--- START ---

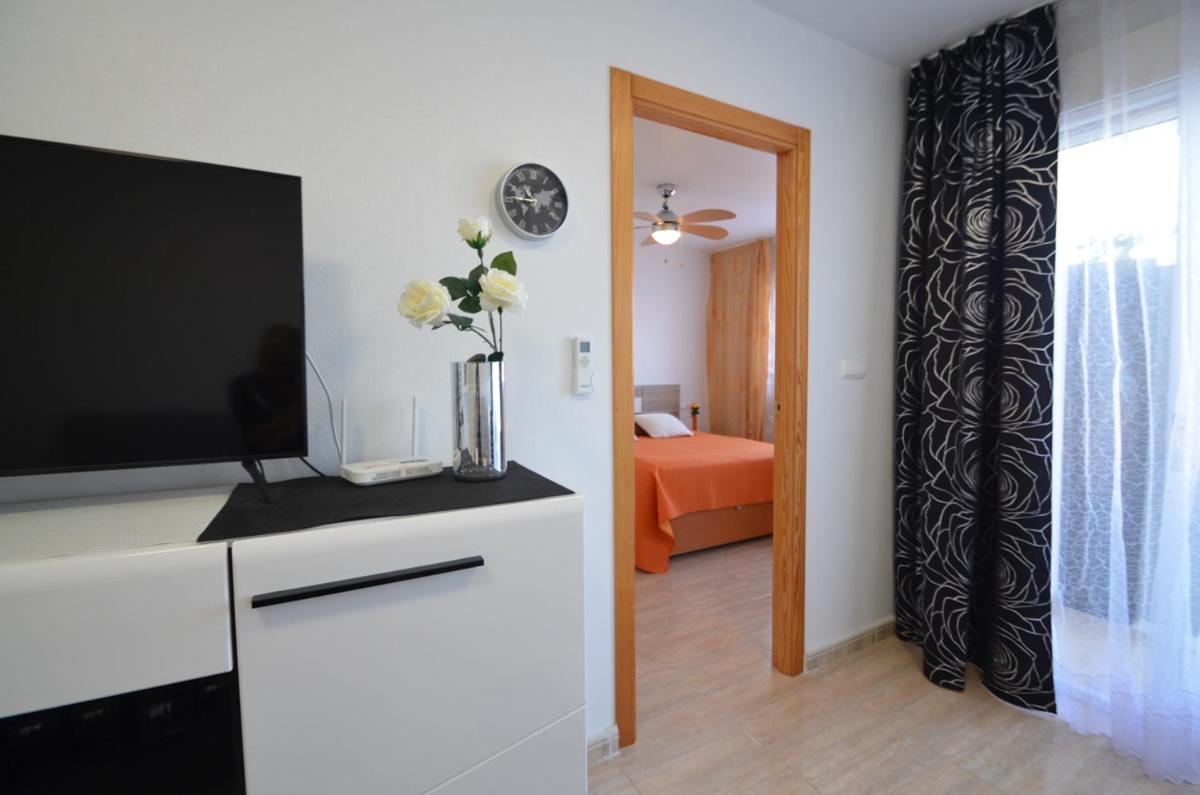 Schoene Wohnung Mit Pool , Wi-Fi Und Privat Garage Torrevieja Bagian luar foto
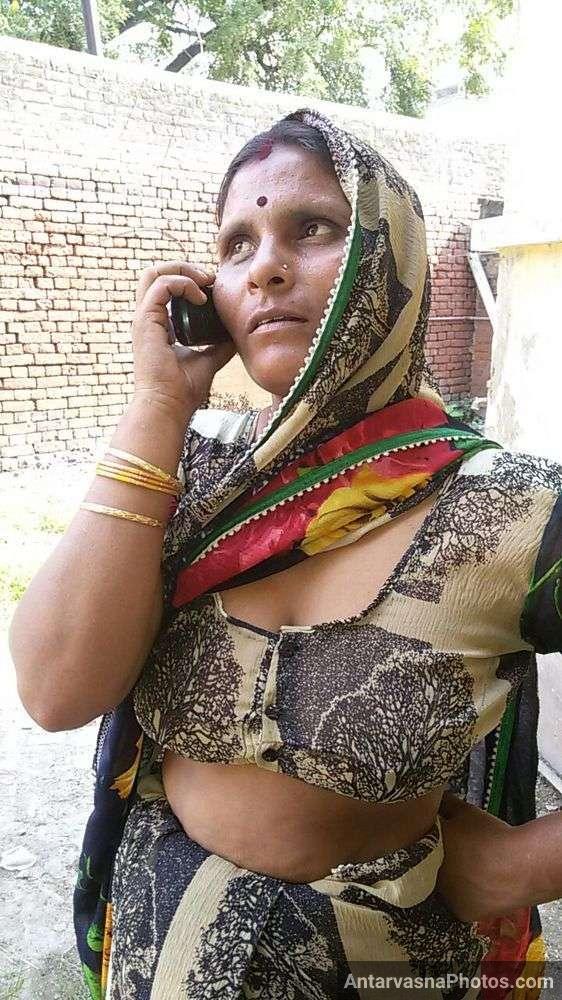 saree wali bihari aunty boobs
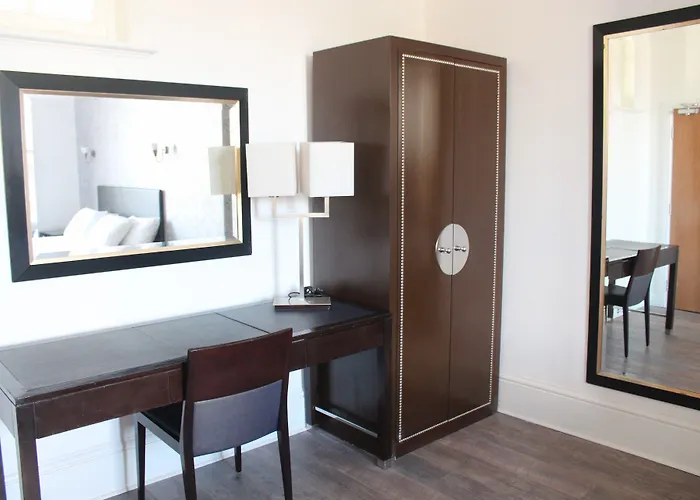 Park Hotel & Apartments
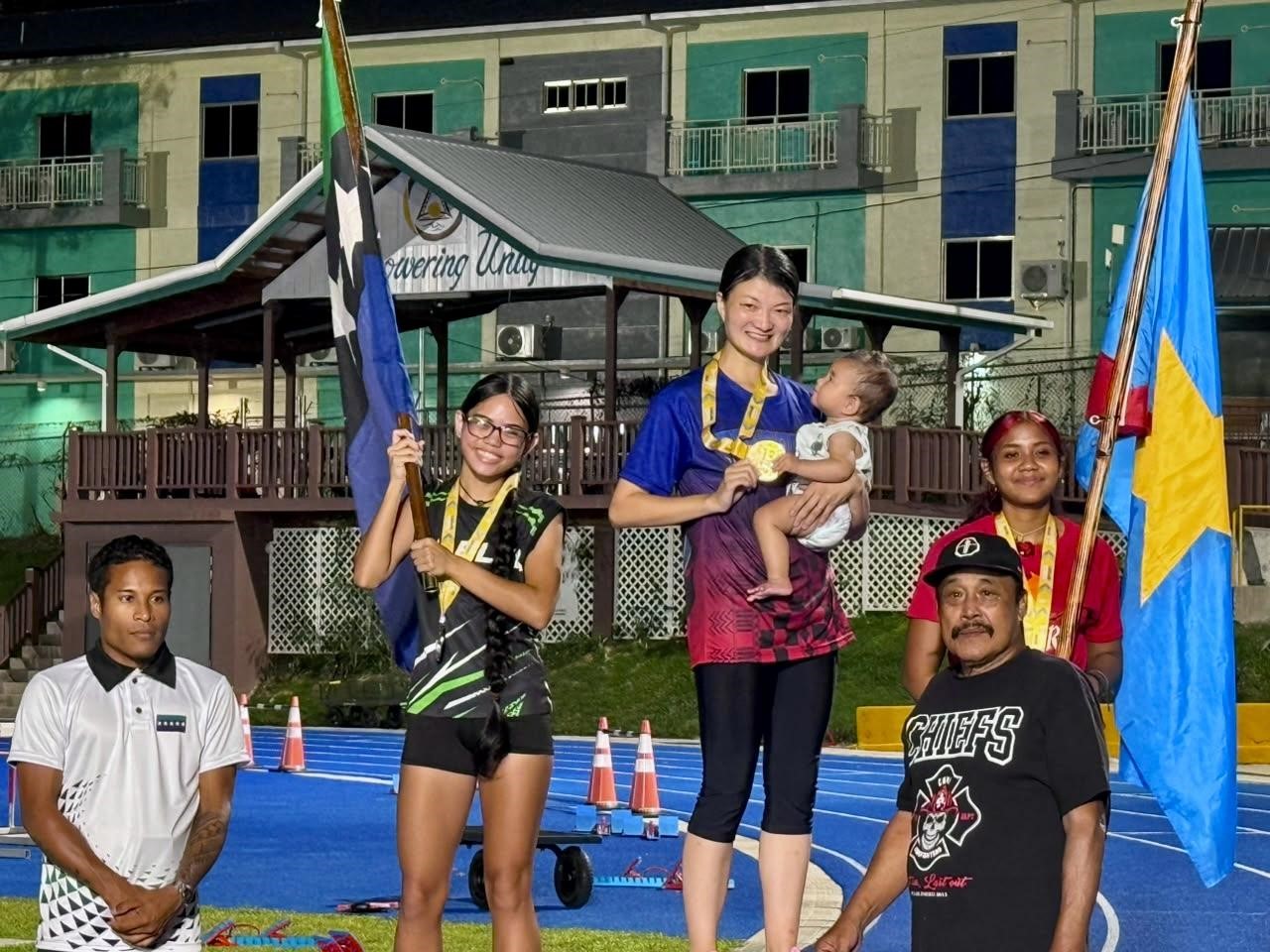 Nestor leads women’s 400-meter field in close finish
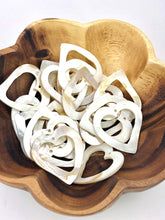 White South Sea Mother Of Pearl Heart Sku#M574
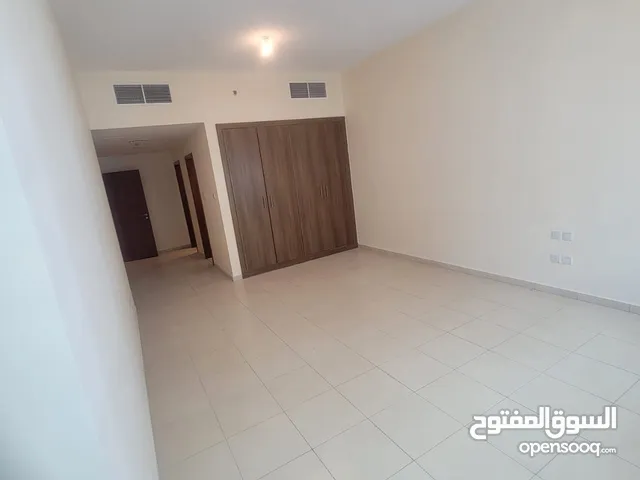 (أحمد) شقة غرفتين وصالة لسكن العائلي , الراشدية 3 , خزائن في الحائط, ماساحات كبيرة , عائلات فقط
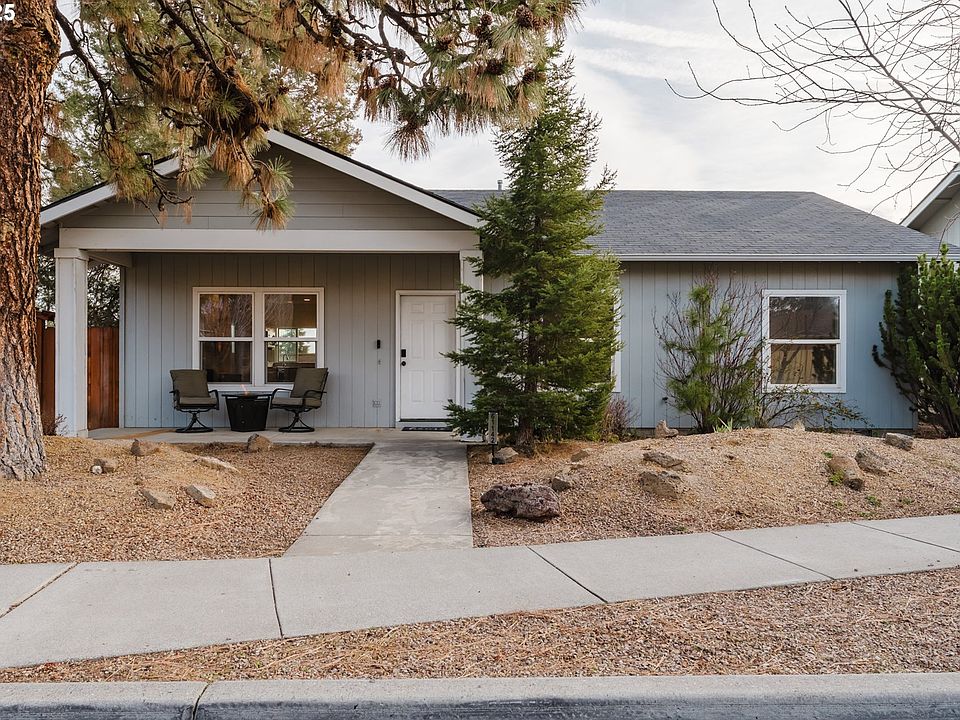1st image of 61142 Brookhollow Dr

--- END ---

__Exercise brief__: All that is needed is an exact copy of the lines from the line with "Nestor leads women’s" through the end of the listing, both ends included, with no pictures.

__Task solution__:
 Nestor leads women’s 400-meter field in close finish
 White South Sea Mother Of Pearl Heart Sku#M574
 (أحمد) شقة غرفتين وصالة لسكن العائلي , الراشدية 3 , خزائن في الحائط, ماساحات كبيرة , عائلات فقط
1st image of 61142 Brookhollow Dr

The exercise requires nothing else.